That's all I can think of at the moment!
I think a lot of the ideas are great, but some just wouldn't fly in my family. I do think the soup in a jar would work with some and jars of cocoa mix. I do buy cleaning and household supplies and put in a big hamper to give to my son and his girlfriend, but they also get cash and a few gift certificates.
Last year I bought inexpensive cocktail size Christmas napkins. I attached a small spreader (small knife for a cheese ball), and a beautiful ribbon. They made an awesome presentation and really only cost a couple of bucks. This year I'm doing a plain wine glass with a small finger towel wound so that applique shows through the glass toss in a few ribbons on top. They are both good gifts for coworkers.
What is the best gift you've received that was not expensive?
Some of my favorites are:
A book of poetry by my adult daughter.
A picture of me drawn by my younger daughter.
(It's a funny picture, but I love it).
A set of tapes of my favorite music compiled by my son.
Go to a fabric store and ask the clerk to cut a fourth yard of the currently popular nylon fleece. It comes in many colors as well as prints, plaids and designs. It is usually at least 60 inches wide. It needs no hem or fringe and makes a super soft, comfortable neck scarf, is washable and best of all costs less than $2.00 including tax. Kids , teachers, grandparents can all use it.
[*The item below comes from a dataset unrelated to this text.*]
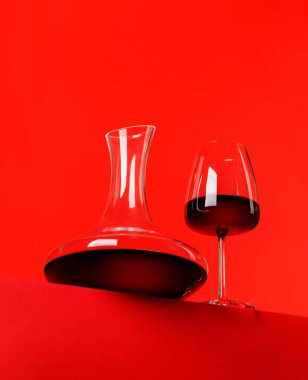 Kırmızı şarap zarafeti: canlı kırmızı arka plana karşı dekan ve şarap kadehi. Kopyalama alanı ile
I have a couple of thrifty gift ideas for next Christmas! Neither idea is mine (as, I saw them on another website), but both are EXCELLENT ideas for holiday gifts!
The first one is a gratitude album/scrapbook. I purchased 2 pkgs. (100/ea. pkg.) of plain, white index cards. Each pkg. was ONLY 50 cents! In the top, right-hand, corner of each card, I wrote dates, beginning from December 26, 2000 all the way up... to December 25, 2001! I pull them out EVERY DAY and write, on the card, what I'm grateful/thankful for (about the person I'm giving the gift to!). As I'm a rather "crafty" person, I also love to draw/or paint... so, I also design little pictures (etc.) to go with each item I'm thankful for. I draw the picture right under where I write. If you're drawing/painting-impaired, you could always use different stickers, pictures from magazines (etc.)... just as long as it's small enough to fit on the card. Then,
I will purchase a ONE-DOLLAR, 3-ring binder (from our local "Dollar Store"); a ONE-DOLLAR roll of clear, contac paper; use paper we already have and create a, ONE-OF-A-KIND, PERSONAL (THREE-DOLLAR!!!) gift... that my spouse will SURELY appreciate! I'm doing the same for my 8-yr. old son, as well! This is a gift for ANYONE... no matter age, sex, religion, etc!!!
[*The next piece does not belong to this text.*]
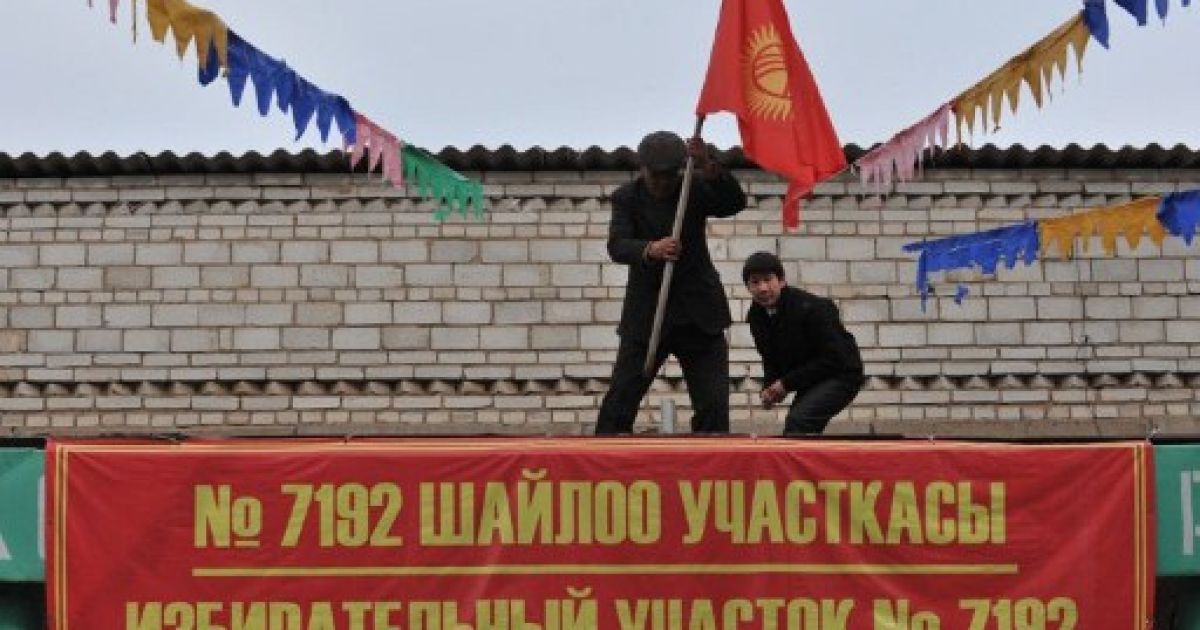 Киргизстан, Беш-Кунгей. Працівники встановлюють національний прапор Киргизії на даху місцевої виборчої дільниці в селищі Беш-Кунгей поблизу Бішкека. Країна готується до майбутніх президентських виборів, які призначені на 30 жовтня. / © AFP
The other idea is to create one-of-a-kind coupons, custom-made... for each person on your list! For instance..... my son LOVES Pokemon. I might make, for him, Pokemon coupons (featuring pictures, TRACINGS, etc.) of different Pokemon characters, for such things as "THIS ENTITLES THE BEARER TO ONE FREE, POKEMON DINNER... FEATURING "Pikuchu's Party Pizza," "Sandshrew's Sensational Salad," and "Jigglypuff's Jolly Jello." I KNOW, my son would LOOOOOVE that! Another one might say, "THIS COUPON ENTITLES THE BEARER TO ONE SATURDAY NIGHT OF YOUR CHOICE OF MOVIES (games, etc.)."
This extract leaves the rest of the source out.